RL Tip: Find a similar daybed at Komodo Teak, FMF Compound, Pioneer St., Mandaluyong City. You can get the pillows from L'Indochine at SM Aura and the Mega Fashion Hall.
In contrast to the big Thai coffee table with elephant feet are two miniature wooden chairs. One of which was made from an old boat in Indonesia.
Julien loves La-Z Boys but Naomi isn't a big fan of its aesthetic. The compromise? The sectional couch in the den that's just as comfy, but not too shabby.
One of the many pieces the couple brought home from one of their travels is this ceramic jar from Laos.
The Pescheux's dining set is a combination of wood, steel, textures, and pops of colors—a lot different from their first one, a six-seater, which now serves as their breakfast table. The colorful Stokke Tripp Trapp high chairs of the kids can be adjusted as the children grow. It's available at Rustan's Makati.
The breakfast table—which occasionally doubles as a bar table—is the couple’s old dining set from Singapore. The wooden cabinet with glass doors on the left is a bar on the upper shelves and plate storage on the lower shelves. A few steps to the right is the kiddie area.
This space in the breakfast area features two of Naomi's favorites. “I have two weaknesses. One is a really small stool. The other are baskets,” she says. The basket is strategically placed to control clutter.
This repurposed tin used to be a street food container in Indonesia, but now functions as a candleholder in the breakfast area. You can also repurpose old cans and bottles into useful items for your home. Mason jars can be used as planters and organizers while bottles can be turned into decor pieces.
Toned down with pops of Duduk is what best describes the master bedroom’s aesthetic.
Aside from the Duduk pieces, the Asian vibe is also quite strong in the master bedroom. Case in point, the custom-made Thai bed with elephant feet and the water hyacinth lounge chair from Bangkok.

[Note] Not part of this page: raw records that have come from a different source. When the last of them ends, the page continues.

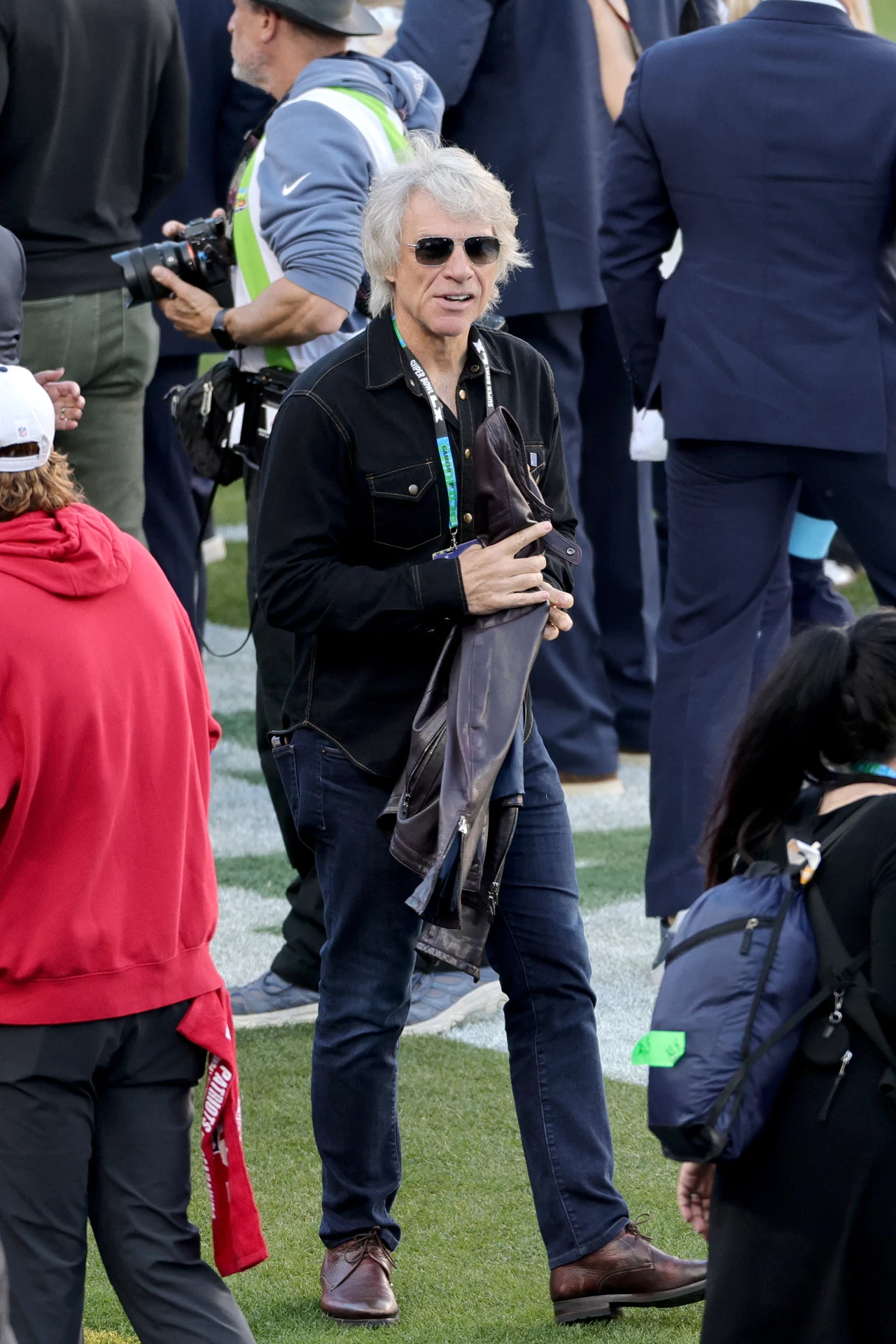 Mężczyzna w okularach przeciwsłonecznych i czarnej kurtce stoi na murawie, trzymając w ręku kurtkę. Wokół niego znajduje się kilka osób w różnokolorowych ubraniach, część z aparatem lub sprzętem medialnym.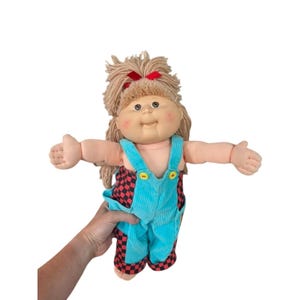 May include: A vintage Cabbage Patch Kid doll with blonde yarn hair and a red bow. The doll wears a turquoise corduroy overall with red and black checkered shorts. The doll has rosy cheeks and is in good condition.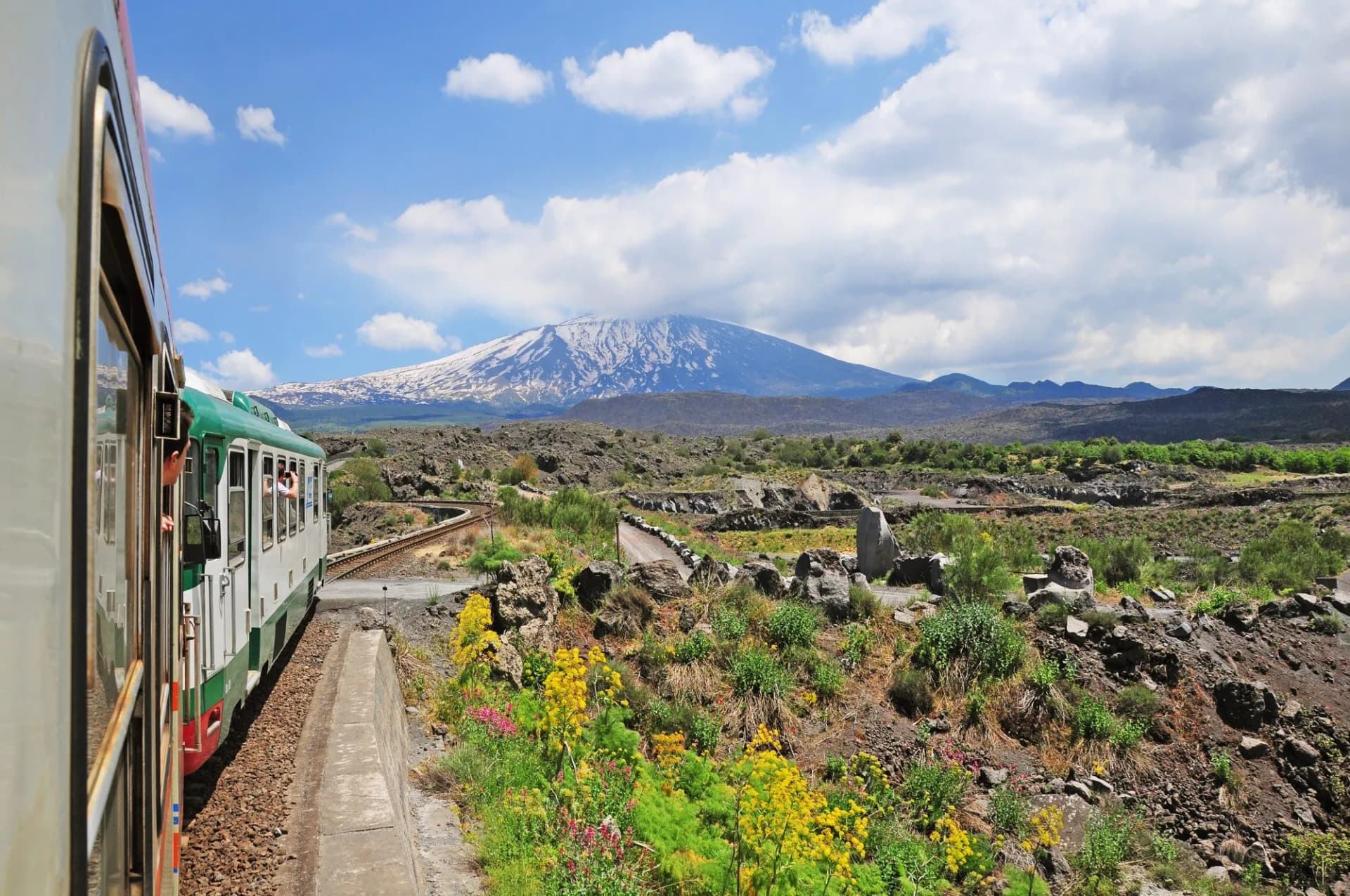 Train traveling past Mount Etna with snow-capped peak through volcanic landscape in Sicily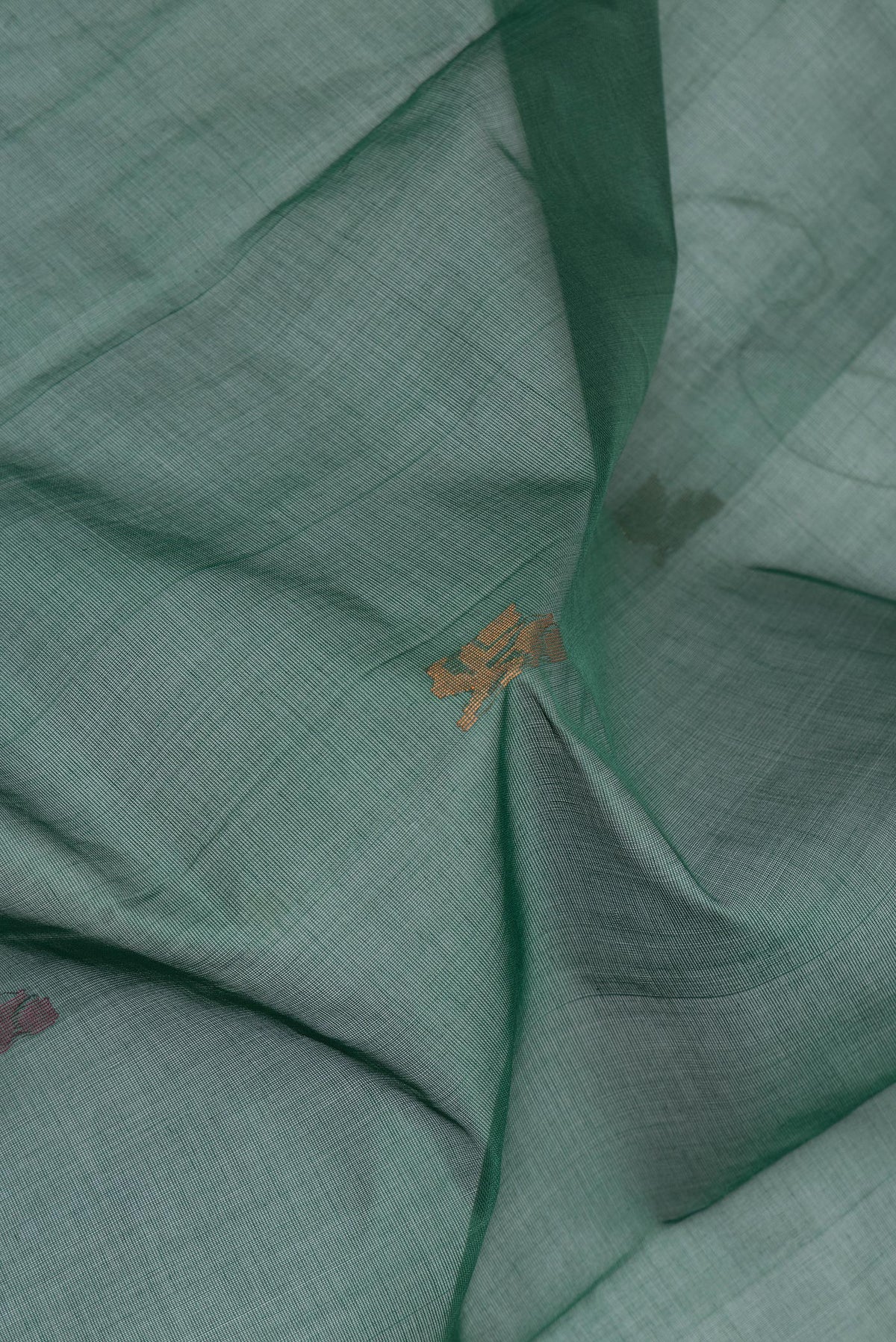 Close up of Bottle Green Uppada Cotton Saree with Zari And Thread Butta on the body and Zari Border.  displaying folds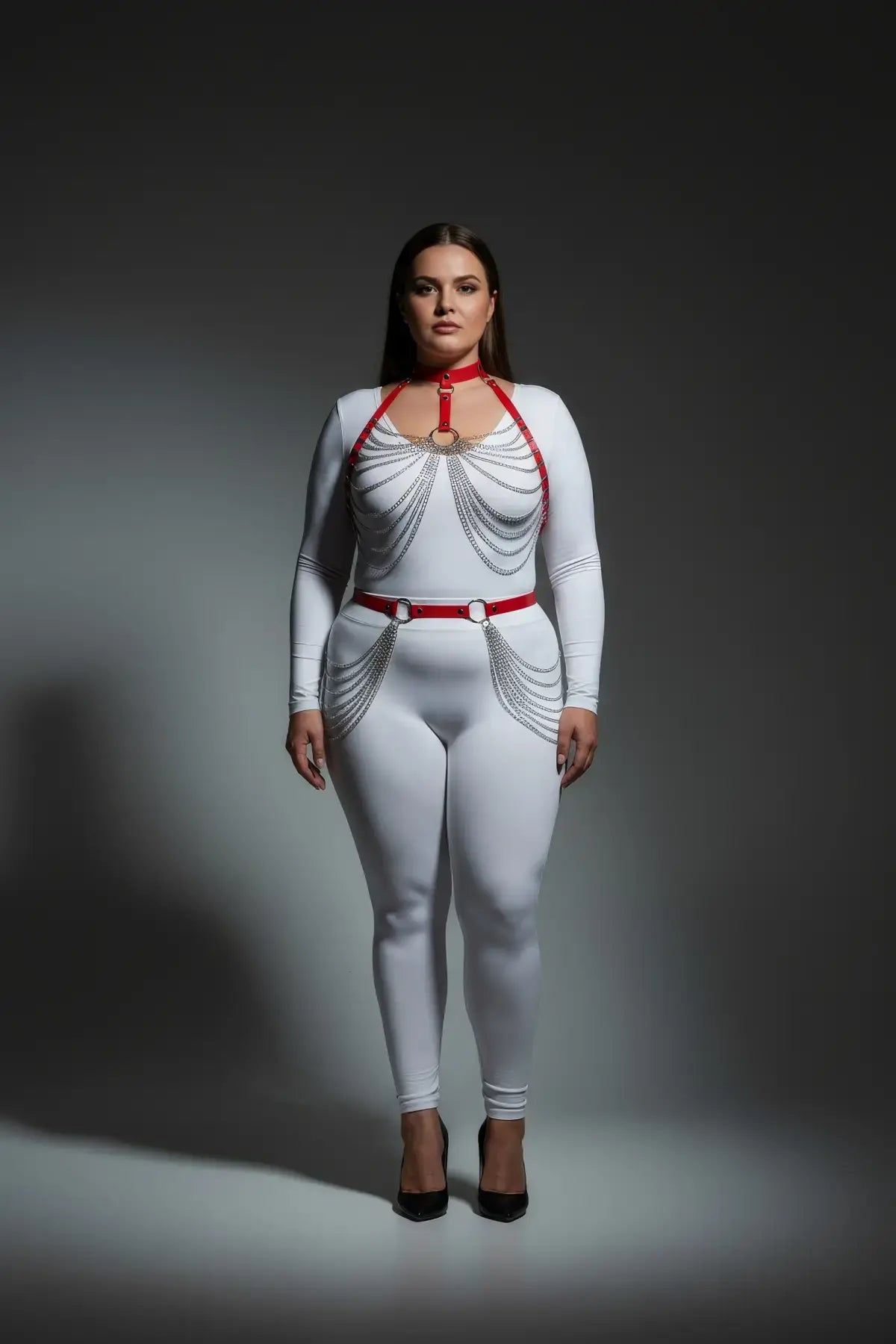 Plus-size red chain-swag collar and waist harness set in vegan leather worn over a white bodysuit; HarnessClub.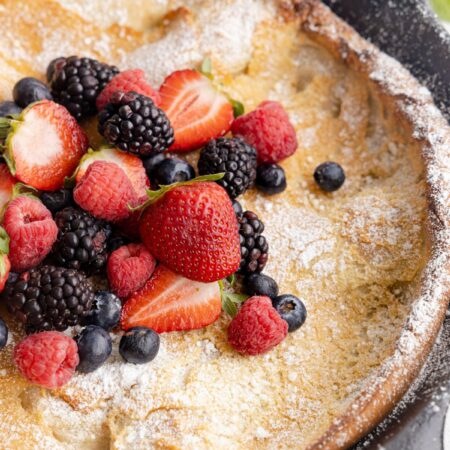 Skillet pan with a pancake, fresh berries, and powdered sugar in it.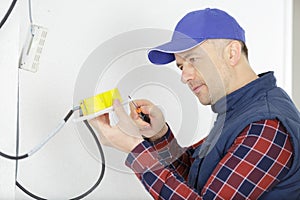 worker trying to install wires on wall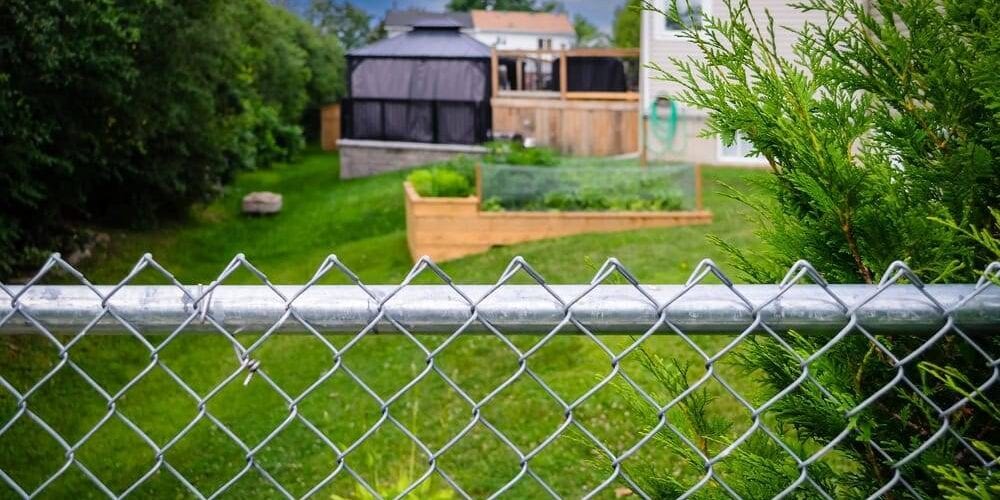 Suburban,Backyard,Decks,,Gazebo,And,Garden,Behind,A,Chain-link,Fence garden behind a chain link fence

These colorful costume beads from Jakarta make great contrast to the white walls in the master bedroom.
On one corner of Ben’s room is a wooden bed and washi tape-designed walls. On the other is a Tipi tent from Duduk. The woven basket that hangs on the wall is a Dapitan find. For affordable pieces that you can add to your space, you can schedule a visit to Dapitan and other secondhand shops.
Interesting touch: The mosquito net of this crib turns into a tent, similar to Duduk's best-selling Tipi tent. Love the paper rosette hanging from the ceiling? Click here for a complete guide.
Ben and Zoe love playing on one of the beds in Ben’s room, which doubles as a guest room for visiting relatives.
Spotted in one of the corners in Zoe’s room is another miniature furniture paired with a Duduk item. You can also add small pieces of furniture that your kids can use at home.
“The kids' things aren't just in a playroom. They have little play areas all over the house,” shares Naomi. Case in point, this miniature table and stool set in between the dining and breakfast areas. Naomi added pompoms to the locally sourced banig underneath the set to spruce it up.
“I just find baskets so practical. You can throw everything inside,” shares Naomi. No wonder there's one strategically placed right beside Zoe's crib.
By the window in Zoe's room is this wind chime, which Naomi upgraded by adding pink pompoms.